How a simple blood test could decrease risk of stroke and heart attack – Australia’s largest study of a common yet underdiagnosed cause of high blood pressure is now underway at Hudson Institute to help prevent heart attack and stroke.
Almost six million Australian adults have high blood pressure, or hypertension, which remains the leading risk factor for heart disease and can lead to a heart attack, stroke or kidney disease.
For between 5 and 15 per cent of patients, the underlying cause is primary aldosteronism (PA) – a potentially curable form of high blood pressure resulting from overproduction of the hormone aldosterone from the adrenal glands. Crucially, many patients aren’t even aware they have this little known condition.
“Primary aldosteronism often doesn’t have specific symptoms other than high blood pressure, so it’s easy to miss,” Dr Jun Yang, an endocrinology clinician-researcher and lead investigator says.
“An estimated 1 in 10 people with high blood pressure have PA, but only 1 in 200 are diagnosed because many doctors do not screen for it. As a result, many patients with undiagnosed PA are taking blood pressure medications that won’t help.”
The lack of awareness around PA can be life-threatening. Hudson Institute group head, Dr Morag Young showed that aldosterone is more harmful to the heart and blood vessels than just high blood pressure alone. If left undiagnosed, the condition can get worse over time, leaving sufferers more prone to stroke and heart attack at a younger age.
GP referral clinic
In 2016, Dr Yang and Professor Peter Fuller, Hudson Institute Centre Head, established the Endocrine Hypertension Service at Monash Health, where GPs and specialists can refer patients with suspected PA for early diagnosis and targeted treatment to prevent permanent damage.
The clinic was established after Dr Yang streamlined the complex diagnostic tests for PA, leading to a dramatic rise in detection at Monash Health, from three patients per year in 2011 to more than 60 in 2017.
The next phase is a research study asking GPs to screen hypertensive patients using a simple blood test to find out exactly how common PA is in the community.
“If this simple screening process is found to be cost-effective, it will inform new management guidelines so that more patients with hypertension can benefit from the early detection, treatment and cure of PA,” Dr Yang says.
For nearly eight years, David Dent experienced routine dizzy spells, but he dismissed them as being nothing out of the ordinary.

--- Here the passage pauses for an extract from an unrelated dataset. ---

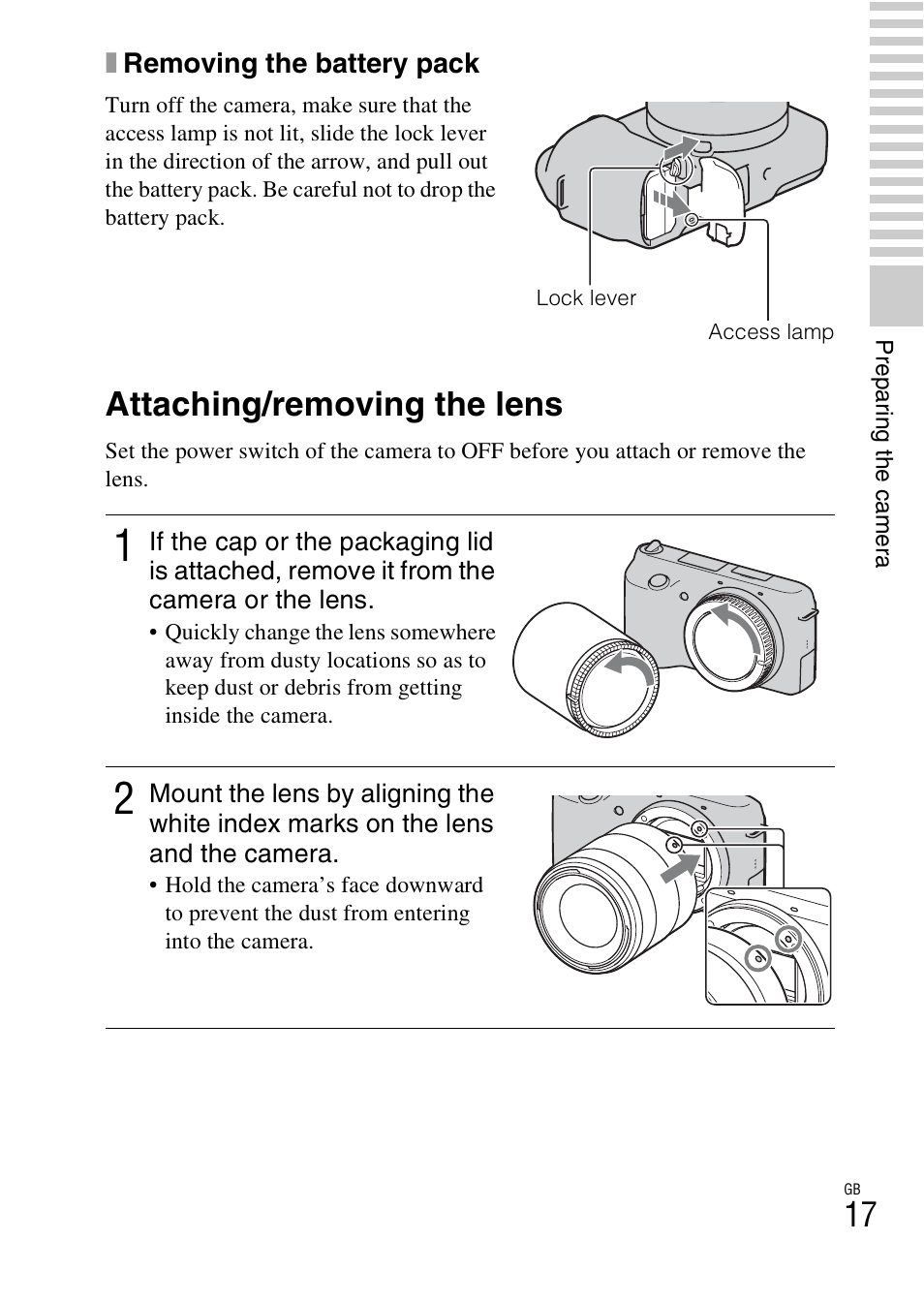 Attaching/removing the lens | Sony NEX-F3 User Manual | Page 17 / 522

A friend suggested that David get his blood pressure checked. The advice was timely and ultimately life-saving because David’s blood pressure was dangerously high.
Referred to Dr Yang and the Monash Health service by his GP, David underwent adrenal vein sampling, showing he had PA caused by a tumour in his left adrenal gland. The tumour produced high levels of aldosterone, leading to very high blood pressure.
Within four weeks of diagnosis, David underwent surgery to have the benign tumour removed. Now, eight months on, his life – and his blood pressure – are returning to normal. He now takes just one instead of eight blood pressure tablets per day.
“I don’t take nearly as much medication as I used to. I’ll be glad to be off it.”
“Dr Yang has just been amazing. I’m coming good and my blood pressure’s coming back down to normal,” David says.